Dear George,
I agree with you in general that we tend to "destroy" other people with labels and such, and the word schism is very destructive. I am particularly sensitive about this in situations where a "schism" occurs because of administrative/personality differences, such as in the case of the many Floro-Acacian divisions, and the recent Matthewite history.
In many of these cases, the splintering groups actually believe and confess the same ecclesiology, but make a big deal about who the "real" Archbishop is, who changed the synod address without the consent of the other bishops, and so on. Bascially, stupid things in my opinion.

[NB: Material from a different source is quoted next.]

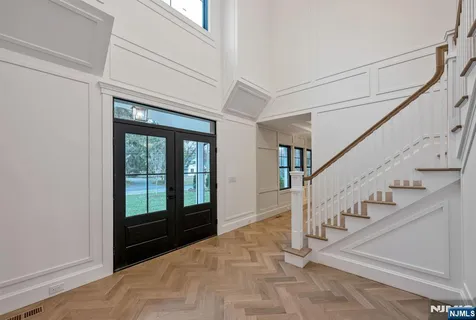 a view of entryway and hall with a front door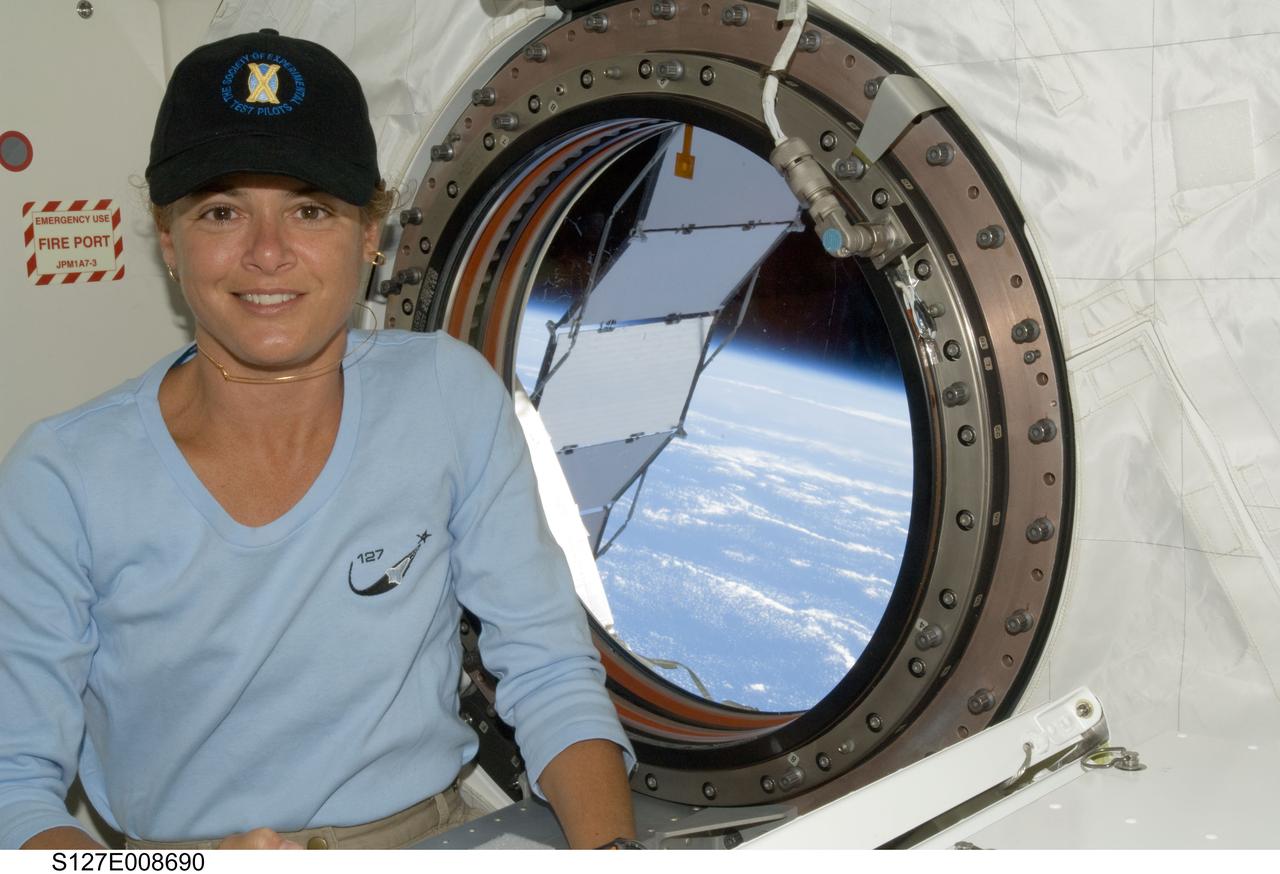 S127-E-008690 (25 July 2009) --- Canadian Space Agency astronaut Julie Payette, STS-127 mission specialist, is pictured near a window in the Kibo laboratory of the International Space Station while Space Shuttle Endeavour remains docked with the station.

On the other hand, when does one call a spade a spade? As we all know (Matthewite or Cyprianite), there was liturgical harmony for centuries.(It has always been the mindset of the Church to have liturgical oneness.) There were multiple anathemas and condemnations (13 councils) against the calendar innovation. The line was drawn and the State Church crossed the line in violation of all these councils and destroyed liturgical unity. I'm not trying to be hardcore about this, but it seems rather easy to see this as a schism. It wasn't just the 1935 OC bishops who declared this as schism. The church had 5 centuries of walling this off. If we don't call the Calendar innovation a schism (or worse -- an instrument of heresey/ecumenism/freemasonry) then how will those in the Schism know where the truth is?
Regarding the salvation of those souls in the NC churches...don't we all acknowledge that God judges us all? Being OC is not a guarantee to salvation.